Crawled caption data:
○ ○ ○ ○ ○

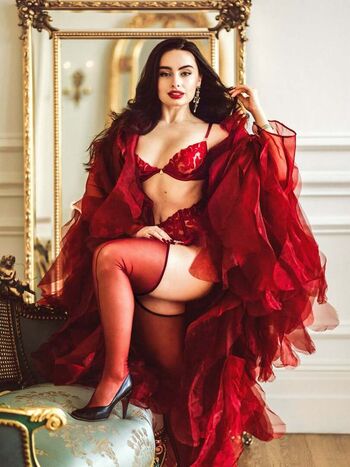 Laili sarah/ leaked private content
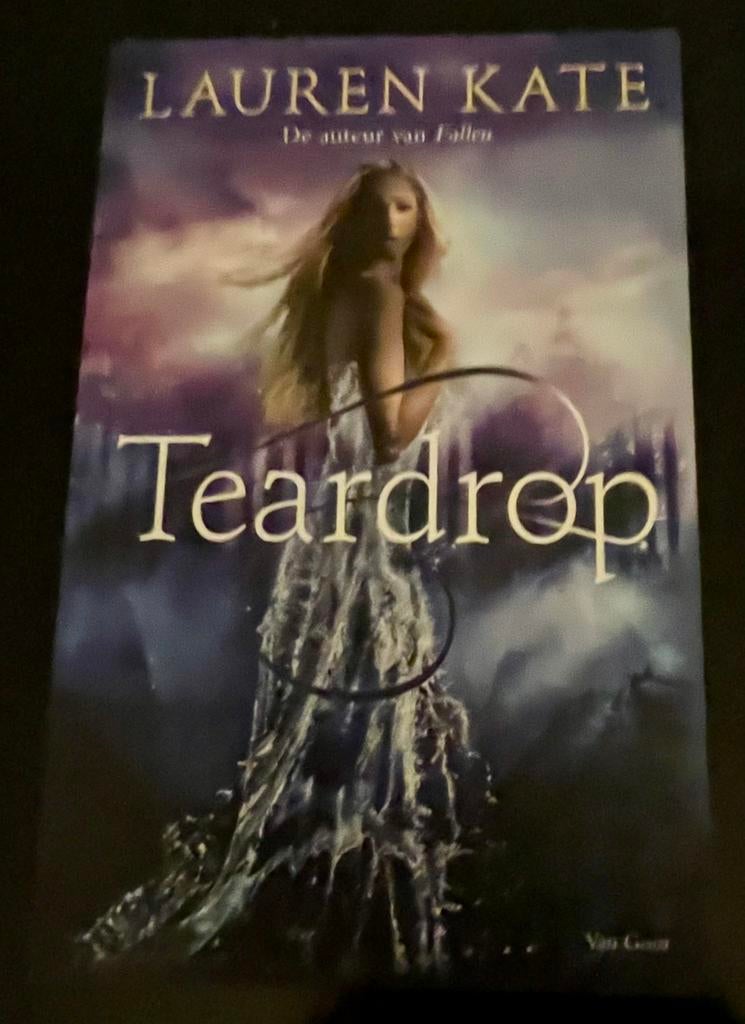 Lauren Kate - Teardrop, Livres, Livres pour enfants | Jeunesse | 13 ans et plus, Comme neuf, Fiction, Enlèvement ou Envoi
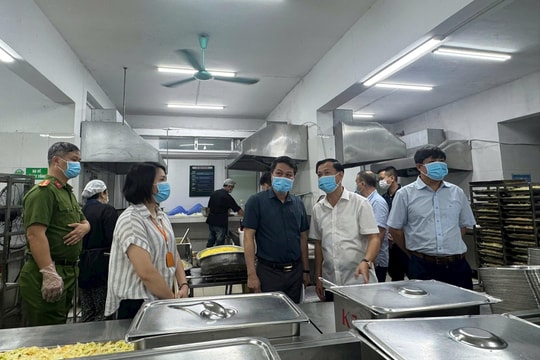 Kiểm tra đột xuất an toàn thực phẩm trên địa bàn các phường Ba Đình, Giảng Võ, Ngọc Hà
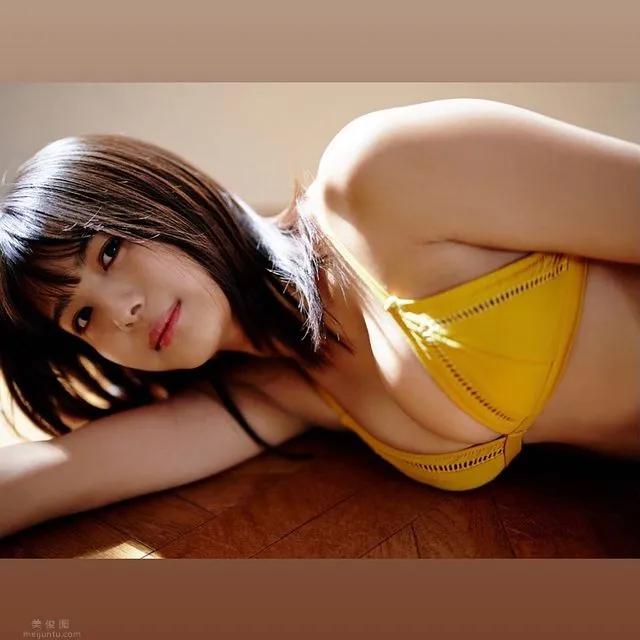 满分朝气美少女《朝日ななみ》！阳光笑容、窈窕胴体充满夏日香气！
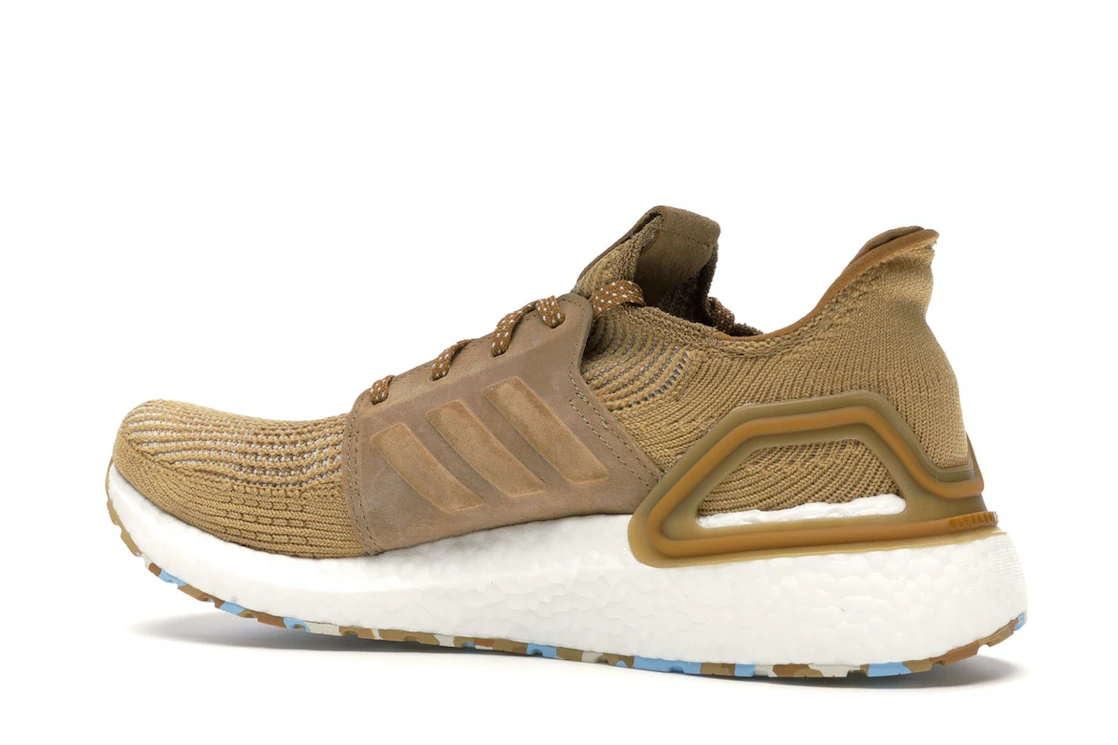 Vue 22 de adidas Ultra Boost 19 Universal Works Sand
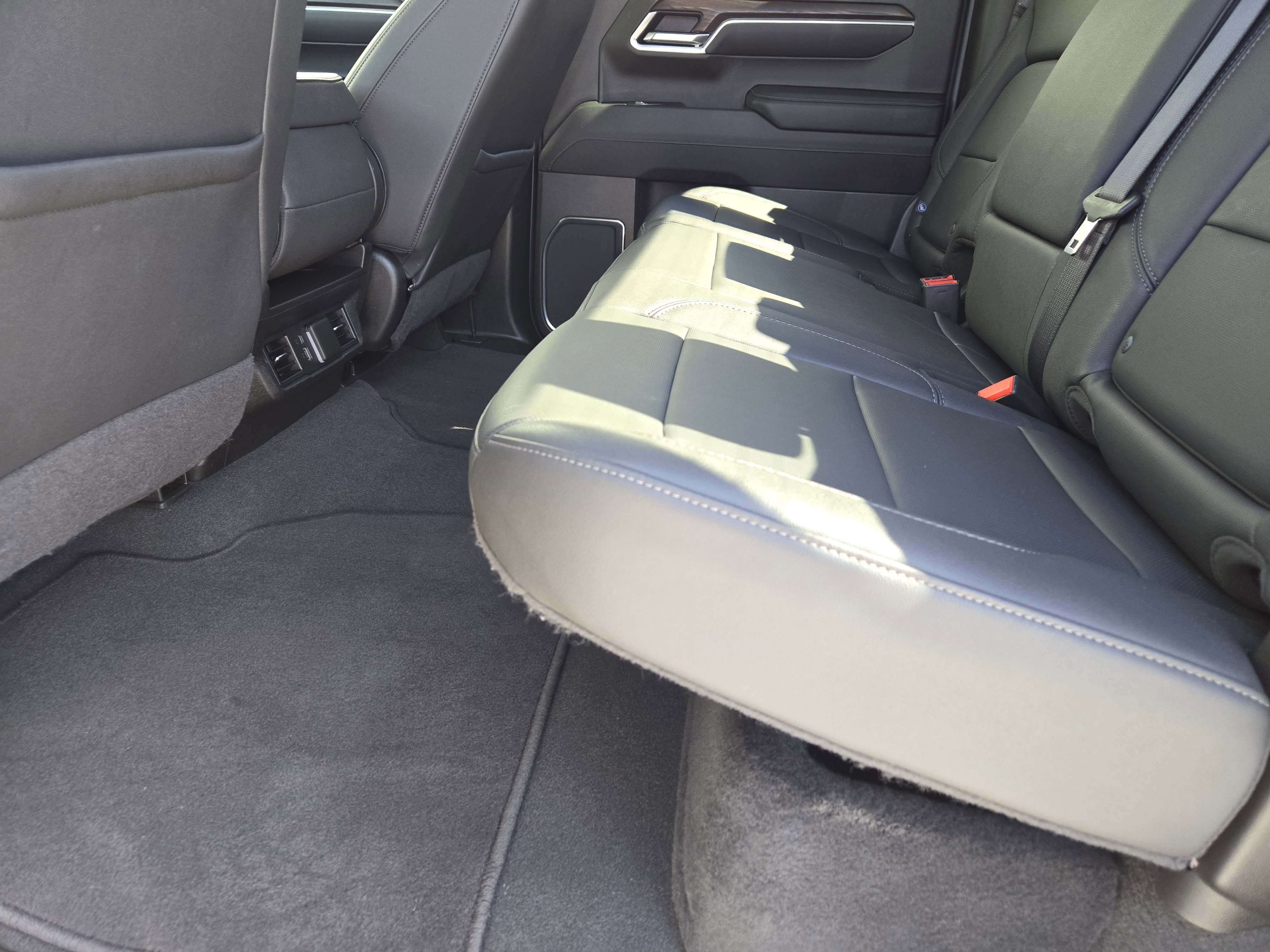 Used 2024 GMC Sierra 1500 SLT image 33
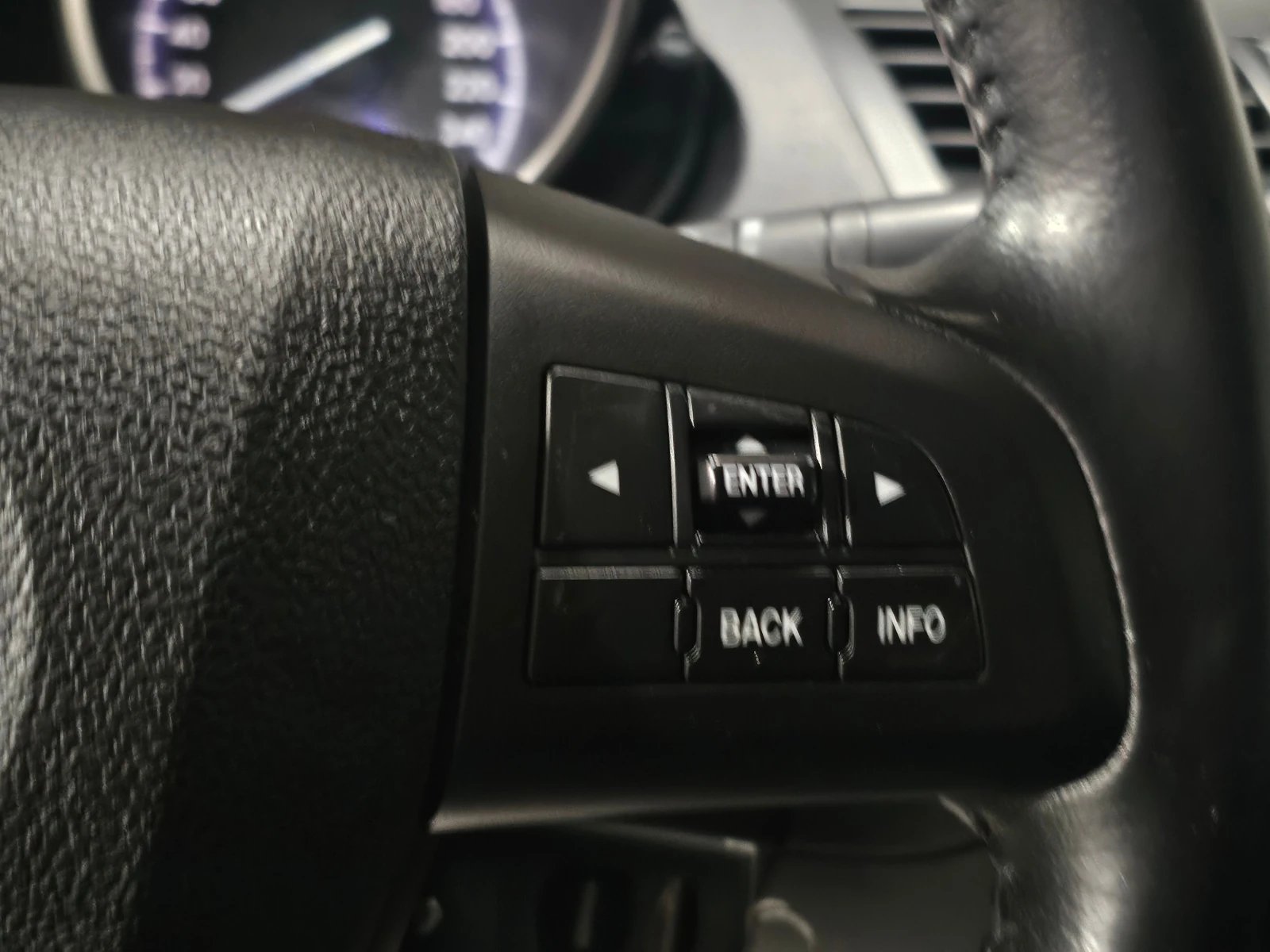 Mazda 3, 2012г, передний привод, автомат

○ ○ ○ ○ ○

Task requirements: Could you reproduce every record above exactly, leaving out the pictures?

Solution for this exercise:
 Laili sarah/ leaked private content
 Lauren Kate - Teardrop, Livres, Livres pour enfants | Jeunesse | 13 ans et plus, Comme neuf, Fiction, Enlèvement ou Envoi
 Kiểm tra đột xuất an toàn thực phẩm trên địa bàn các phường Ba Đình, Giảng Võ, Ngọc Hà
 满分朝气美少女《朝日ななみ》！阳光笑容、窈窕胴体充满夏日香气！
 Vue 22 de adidas Ultra Boost 19 Universal Works Sand
 Used 2024 GMC Sierra 1500 SLT image 33
 Mazda 3, 2012г, передний привод, автомат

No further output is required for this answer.